Caminaba por El Viso la noche de Halloween, entre telarañas de mentira, luces naranjas y un ejército de disfraces apresurados. Brujas, gatos, esqueletos. Y pensé que la verdadera fiesta del disfraz no es esta noche, sino el resto del año.
Hay gente que vive disfrazada los 364 días siguientes (de ejecutivos ejemplares, de parejas felices, de artistas incomprendidos). De "naturales", incluso. Y cuando por fin llega el 31 de octubre y se les permite ser otro, no saben qué ponerse, porque ya no saben quiénes son.
Vivimos en un mundo que premia la caracterización constante. Nos hemos acostumbrado a traducirnos en etiquetas, en versiones editadas de nosotros mismos, en avatares. La mujer sofisticada, el hombre interesante, la pareja de revista. Nadie quiere ser anónimo, ni discreto, ni normal. El disfraz ya no se compra, se fabrica y se comparte. Y lo peor es que se nos ha olvidado salir de él.
No es una cuestión de enseñar más o menos (cada uno tiene su propio termómetro estético), sino de esa necesidad de impostar algo, aunque sea por unas horas. Unas orejas de gata, unos colmillos de plástico o una capa de purpurina son solo el recordatorio amable de que vivimos en una época donde todos interpretamos un papel, incluso los que juran ir "sin maquillaje".

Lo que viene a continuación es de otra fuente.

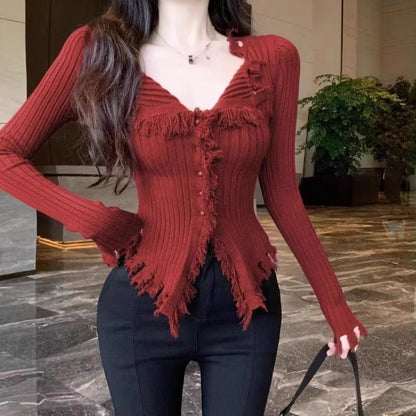 Top tipo cárdigan elegante y adelgazante de corte entallado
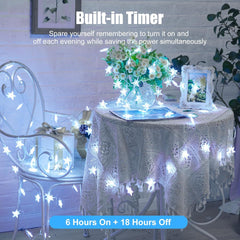 Star String Lights - 17 FT, 50 LED, White, Battery Operated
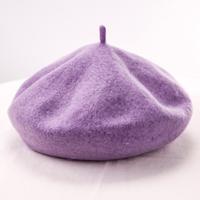 Vrouwen wol Vintage effen kleur Berets Cap (paars)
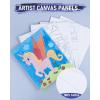 imageNicpro 34PCS Kids Painting Set with Pattern Canvas Art Painting Supplies Kit with 12 Acrylic Paints10 Brushes6 Canvas PanelsTable EaselPaper PadColor WheelPalette for Beginner Student Toddlers12 Colors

Halloween me da igual como fiesta. Lo que me fascina es su sinceridad involuntaria. Por un día, la impostura se confiesa. Nos disfrazamos para divertirnos, no para sobrevivir. El resto del año, el disfraz es invisible pero obligatorio (los códigos de vestimenta, los de conducta, los de Instagram).

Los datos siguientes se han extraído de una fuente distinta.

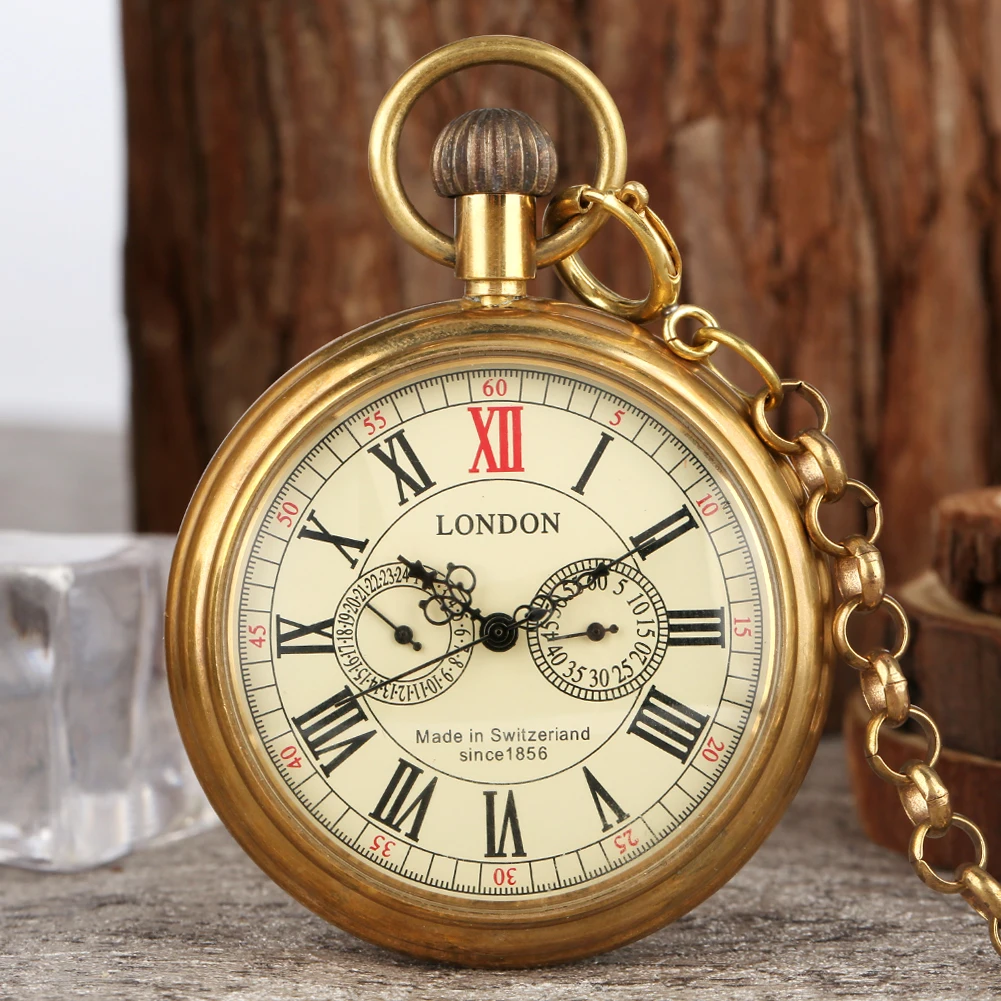 Brass Automatic Mechanical Pocket Watch Open Face Roman Numerals Dial Luxury Vintage Fob Chain Vintage Pocket Clock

Y sí, yo también me disfrazo. De periodista, de mujer segura, de alguien que no mira el móvil cada cinco minutos. Todos tenemos un papel asignado y aprendemos a interpretarlo con naturalidad, hasta que llega el momento de quitarnos el maquillaje y descubrir que la cara de debajo también es una máscara.
Ayer, mientras caminaba hacia un cumpleaños, vi grupos enteros de personas disfrazadas de sí mismas. Algunos iban de "elegantes", otros de "cool", otros de "misterio calculado". Y pensé que quizá la moda, la verdadera, no consiste en disfrazarse, sino en atreverse a ir sin personaje (aunque eso dé más miedo que cualquier máscara).
Al final Halloween tiene algo honesto. Durante unas horas admitimos que jugamos a ser otros. El resto del año fingimos que somos nosotros mismos.